* **TRY IT**: Below are records with pictures. Transcribe exactly, and only, the lines from the line with "BMW M3 E92 E93" to the line with "Антонов АН 12", both ends included, but not the pictures.

* **ENTRIES PROVIDED**:
>>>>

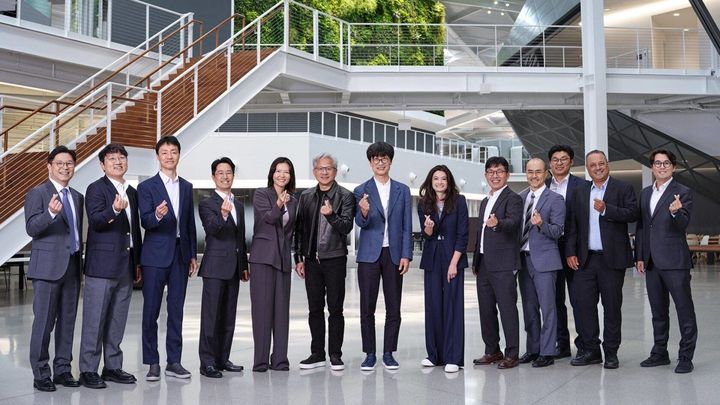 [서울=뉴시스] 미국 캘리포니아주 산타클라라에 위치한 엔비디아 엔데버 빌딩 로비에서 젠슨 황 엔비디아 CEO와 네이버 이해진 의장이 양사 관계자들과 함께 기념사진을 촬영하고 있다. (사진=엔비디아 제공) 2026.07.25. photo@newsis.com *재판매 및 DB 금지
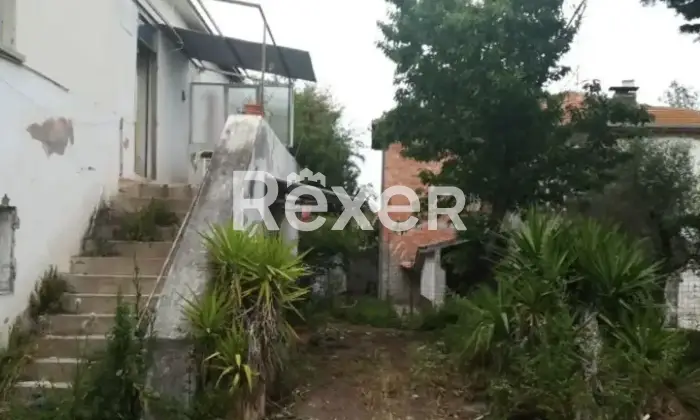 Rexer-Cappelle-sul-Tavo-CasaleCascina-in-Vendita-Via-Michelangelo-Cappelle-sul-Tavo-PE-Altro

<<<<
>>>>

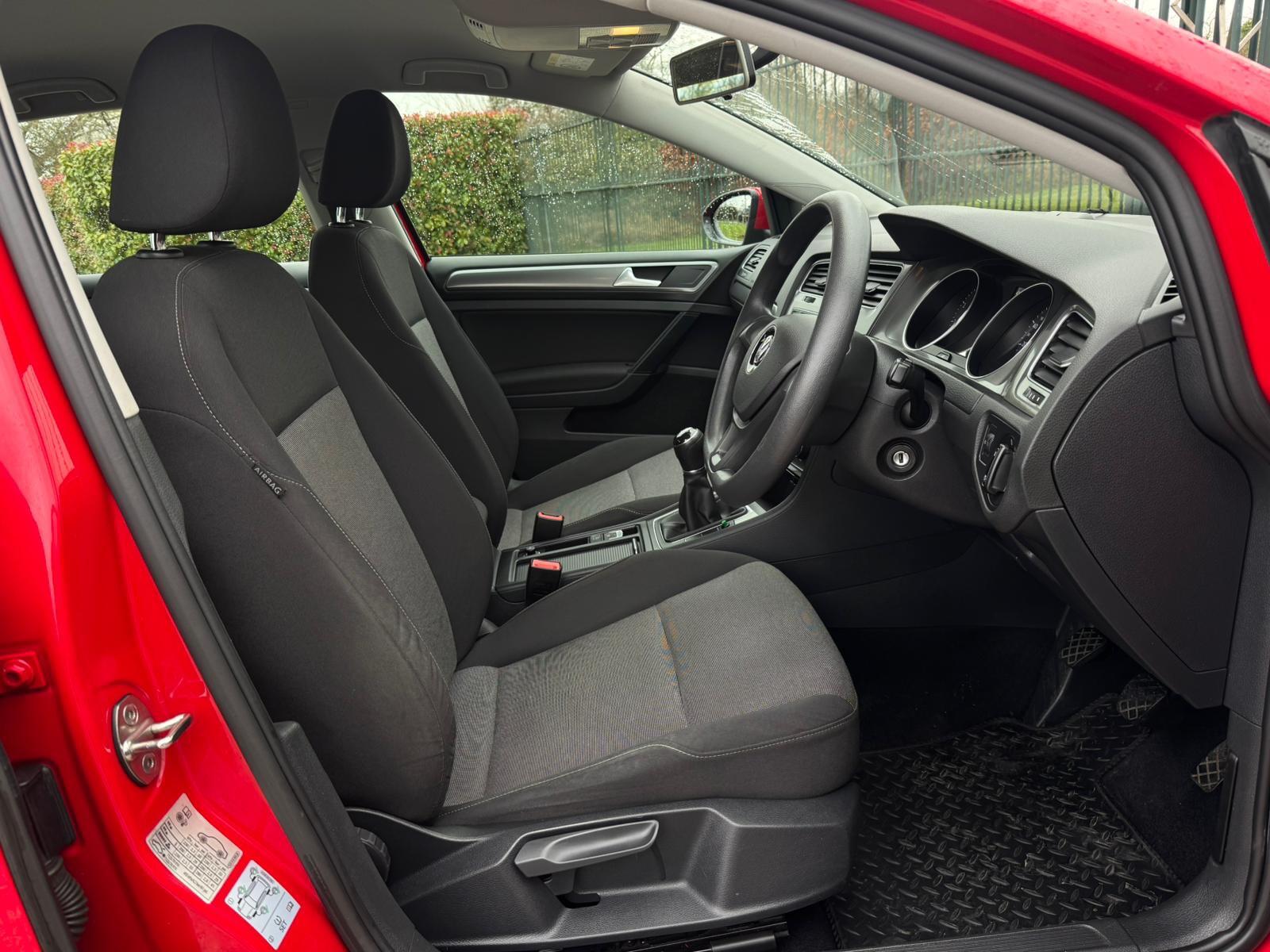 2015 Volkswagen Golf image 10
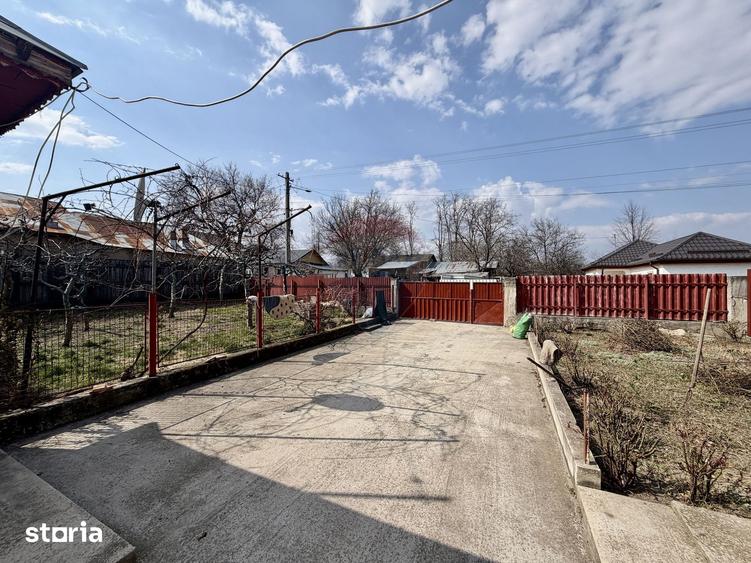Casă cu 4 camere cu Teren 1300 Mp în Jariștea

<<<<
>>>>

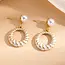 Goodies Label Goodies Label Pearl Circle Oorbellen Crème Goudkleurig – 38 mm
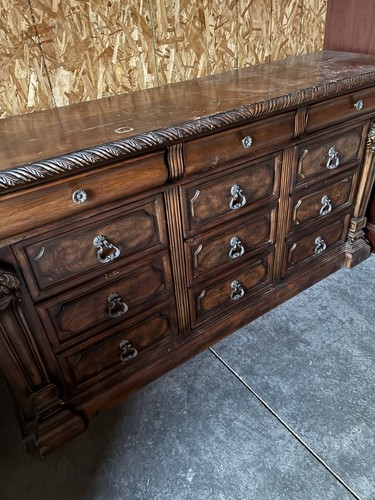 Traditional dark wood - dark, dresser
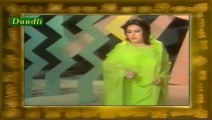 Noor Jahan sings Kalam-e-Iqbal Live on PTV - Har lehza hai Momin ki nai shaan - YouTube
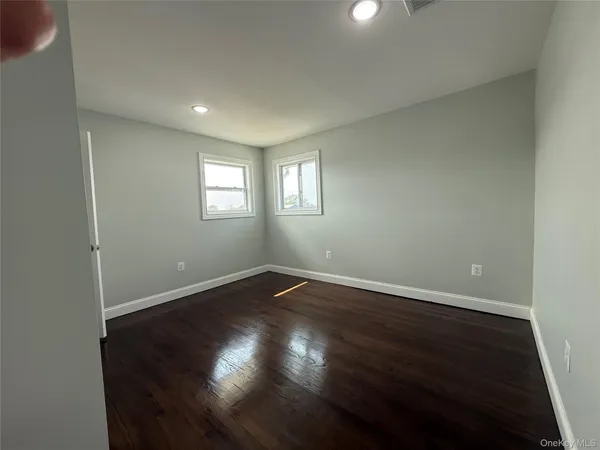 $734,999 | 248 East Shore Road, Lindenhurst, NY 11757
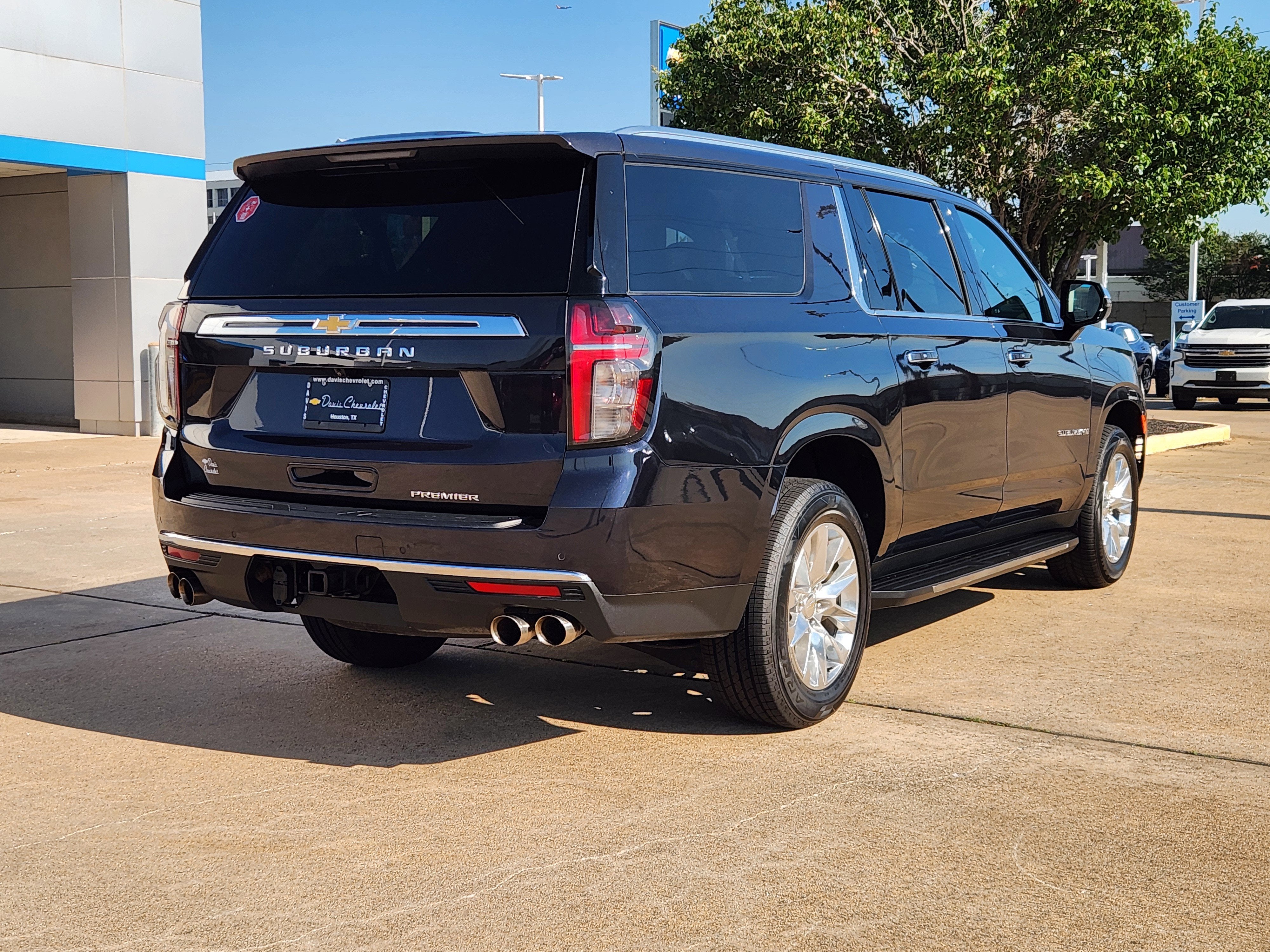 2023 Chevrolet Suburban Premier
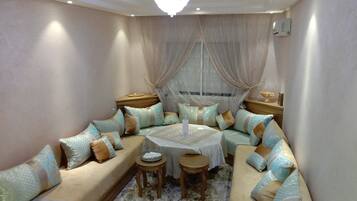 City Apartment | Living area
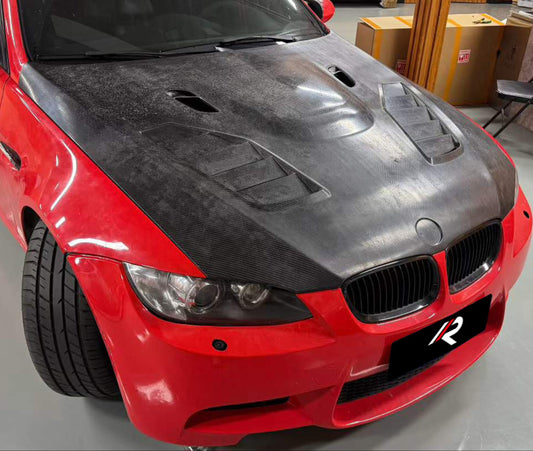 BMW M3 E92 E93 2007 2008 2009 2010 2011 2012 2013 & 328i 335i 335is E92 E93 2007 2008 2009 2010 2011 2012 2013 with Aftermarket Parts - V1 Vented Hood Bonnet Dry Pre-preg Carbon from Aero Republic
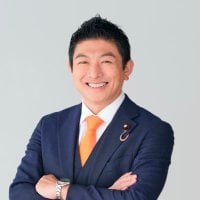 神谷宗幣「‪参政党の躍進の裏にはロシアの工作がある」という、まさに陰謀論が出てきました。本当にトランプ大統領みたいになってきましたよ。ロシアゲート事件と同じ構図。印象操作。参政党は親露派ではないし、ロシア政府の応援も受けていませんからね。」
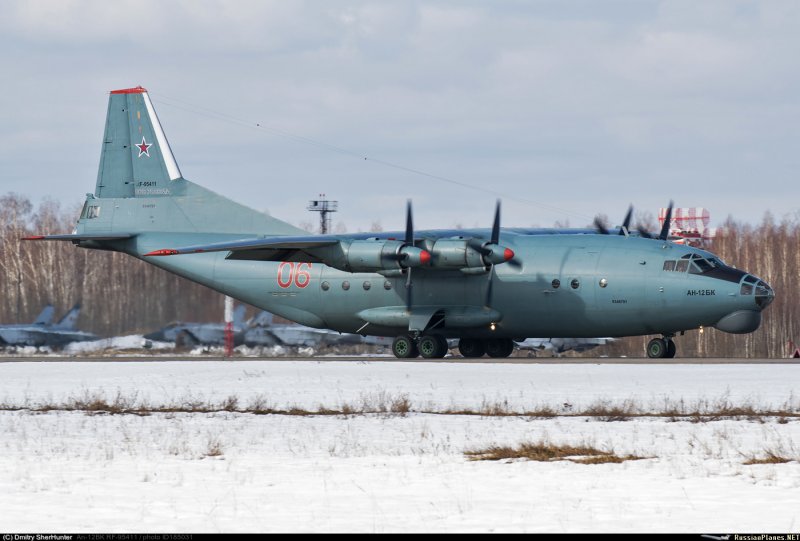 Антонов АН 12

<<<<

* **RESPONSE TO THE TASK**:
 BMW M3 E92 E93 2007 2008 2009 2010 2011 2012 2013 & 328i 335i 335is E92 E93 2007 2008 2009 2010 2011 2012 2013 with Aftermarket Parts - V1 Vented Hood Bonnet Dry Pre-preg Carbon from Aero Republic
 神谷宗幣「‪参政党の躍進の裏にはロシアの工作がある」という、まさに陰謀論が出てきました。本当にトランプ大統領みたいになってきましたよ。ロシアゲート事件と同じ構図。印象操作。参政党は親露派ではないし、ロシア政府の応援も受けていませんからね。」
 Антонов АН 12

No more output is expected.